■ What you will do:
Return the lines of the data below starting at the one holding "Medium property photo" and ending at the one holding "Olymp Signature Overhemd", word for word, leaving every picture out.

■ Given entries:
____________________
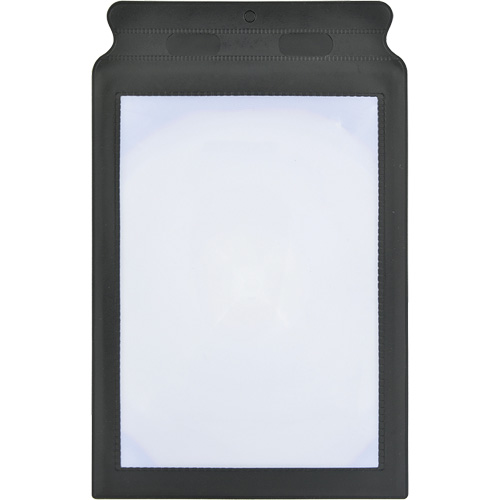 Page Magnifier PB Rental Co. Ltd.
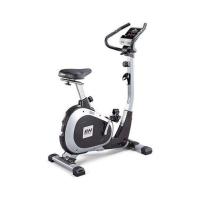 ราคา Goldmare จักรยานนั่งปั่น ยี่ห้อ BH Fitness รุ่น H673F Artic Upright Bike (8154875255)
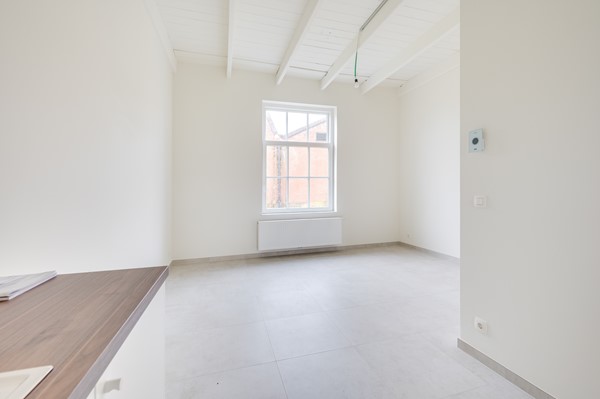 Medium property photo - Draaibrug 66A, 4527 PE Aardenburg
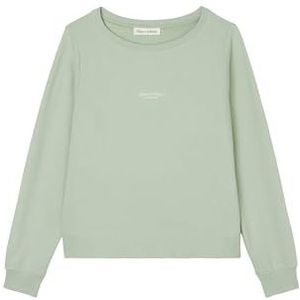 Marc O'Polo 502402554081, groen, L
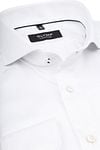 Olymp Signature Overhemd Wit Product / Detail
____________________
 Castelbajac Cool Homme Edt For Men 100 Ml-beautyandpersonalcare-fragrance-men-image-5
____________________
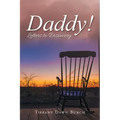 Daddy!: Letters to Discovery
____________________
■ Solution to the exercise:
 Medium property photo - Draaibrug 66A, 4527 PE Aardenburg
 Marc O'Polo 502402554081, groen, L
 Olymp Signature Overhemd Wit Product / Detail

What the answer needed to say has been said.